Well I dinged up the factory aluminum prop and I'm thinking of replacing it with either a 4 blade for better hole shot of or perhaps a 3 blade for maximum top end. But I have no idea what to really look at or consider.


----------



## noeettica (Sep 23, 2007)

Your gear Ratio is 2.08:1 small motor 302 cc 

fairly heavy boat ...

If you can borrow an 8.5 pitch should be a good starting point 

Hopefully others here have some thoughts on this 

You loose some speed with a 4 blade ...


----------



## MrSnook (Feb 7, 2008)

Thanks for the reply, right now I'm getting about 22mph top end with the factory prop with a 9 pitch.
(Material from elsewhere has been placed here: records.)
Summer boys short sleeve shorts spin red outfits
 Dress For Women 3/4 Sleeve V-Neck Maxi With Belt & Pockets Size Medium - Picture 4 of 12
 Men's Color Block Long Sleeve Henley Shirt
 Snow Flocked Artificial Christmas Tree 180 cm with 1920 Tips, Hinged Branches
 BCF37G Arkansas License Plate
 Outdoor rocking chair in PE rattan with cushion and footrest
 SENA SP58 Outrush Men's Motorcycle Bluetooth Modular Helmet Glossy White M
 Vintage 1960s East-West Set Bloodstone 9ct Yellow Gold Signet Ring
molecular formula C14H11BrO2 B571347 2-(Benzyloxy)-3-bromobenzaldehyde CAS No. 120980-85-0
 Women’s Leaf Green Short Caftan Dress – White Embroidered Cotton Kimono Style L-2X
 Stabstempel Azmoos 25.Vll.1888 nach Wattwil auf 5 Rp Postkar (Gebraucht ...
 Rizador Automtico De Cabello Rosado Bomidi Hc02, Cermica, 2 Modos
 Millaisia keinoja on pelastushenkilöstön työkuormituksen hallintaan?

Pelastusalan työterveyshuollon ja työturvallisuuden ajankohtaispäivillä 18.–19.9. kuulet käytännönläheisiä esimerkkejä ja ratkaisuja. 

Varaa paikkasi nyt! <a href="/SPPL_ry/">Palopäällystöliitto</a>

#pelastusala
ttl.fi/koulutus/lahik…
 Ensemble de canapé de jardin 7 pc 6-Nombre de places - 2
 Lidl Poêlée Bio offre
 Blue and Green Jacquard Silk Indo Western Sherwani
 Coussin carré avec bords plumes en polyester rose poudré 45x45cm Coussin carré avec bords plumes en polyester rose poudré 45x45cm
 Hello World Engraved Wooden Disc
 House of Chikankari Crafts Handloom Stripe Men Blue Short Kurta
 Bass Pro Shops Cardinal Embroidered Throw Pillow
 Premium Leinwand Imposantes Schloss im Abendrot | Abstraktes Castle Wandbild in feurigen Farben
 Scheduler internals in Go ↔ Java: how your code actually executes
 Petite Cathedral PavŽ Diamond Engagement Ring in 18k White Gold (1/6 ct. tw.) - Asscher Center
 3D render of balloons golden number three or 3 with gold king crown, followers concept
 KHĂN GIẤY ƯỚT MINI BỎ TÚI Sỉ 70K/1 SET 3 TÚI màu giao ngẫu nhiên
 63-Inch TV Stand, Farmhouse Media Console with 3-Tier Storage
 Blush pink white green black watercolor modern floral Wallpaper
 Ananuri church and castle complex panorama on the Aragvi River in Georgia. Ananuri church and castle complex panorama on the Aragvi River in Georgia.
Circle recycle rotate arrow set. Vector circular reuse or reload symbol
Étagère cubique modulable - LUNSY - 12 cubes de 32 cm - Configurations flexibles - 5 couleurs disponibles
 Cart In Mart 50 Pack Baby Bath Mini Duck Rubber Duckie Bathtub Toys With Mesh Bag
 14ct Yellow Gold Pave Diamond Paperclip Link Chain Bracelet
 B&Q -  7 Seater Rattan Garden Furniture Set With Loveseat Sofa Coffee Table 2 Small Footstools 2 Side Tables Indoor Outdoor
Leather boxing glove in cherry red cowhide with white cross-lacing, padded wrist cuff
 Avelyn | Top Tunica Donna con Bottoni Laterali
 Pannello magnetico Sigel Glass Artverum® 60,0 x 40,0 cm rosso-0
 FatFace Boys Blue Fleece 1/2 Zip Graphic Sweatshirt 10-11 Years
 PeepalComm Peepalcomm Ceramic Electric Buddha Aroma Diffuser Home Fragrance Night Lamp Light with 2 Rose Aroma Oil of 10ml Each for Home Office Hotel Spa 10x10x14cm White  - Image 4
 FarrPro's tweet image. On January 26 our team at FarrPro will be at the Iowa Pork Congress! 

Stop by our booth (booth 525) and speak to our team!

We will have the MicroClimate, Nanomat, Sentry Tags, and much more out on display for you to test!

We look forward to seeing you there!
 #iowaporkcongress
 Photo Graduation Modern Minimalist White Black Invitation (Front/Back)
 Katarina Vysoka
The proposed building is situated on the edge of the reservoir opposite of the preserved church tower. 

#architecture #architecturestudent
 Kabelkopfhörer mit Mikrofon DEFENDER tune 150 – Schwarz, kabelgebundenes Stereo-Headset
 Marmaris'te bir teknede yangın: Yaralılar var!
Hole shot is decent but nothing to write home about I wouldn't mind seeing a top end around 25 is possible without killing hole shot. Perhaps I'm asking for too much on a small boat with a 15 hp. I don't know as this is my first microskiff  & I plan on upgrading to a Akona Native 17 SUV within the next year..

I also see that Suzuki offers OEM 4 blade aluminum props in higher pitches. So if I currently have a pitch of 9 and I moved up to a 4 blade w/ a pitch of 10 would I still get decent hole shot and perhaps a little more top end?


----------



## noeettica (Sep 23, 2007)

Get a tach what is your load? if you are running heavy Don't go over 9 pitch ...

You may need "More Cowbell" IE 25 Hp ...

What Blake said "Over There"


----------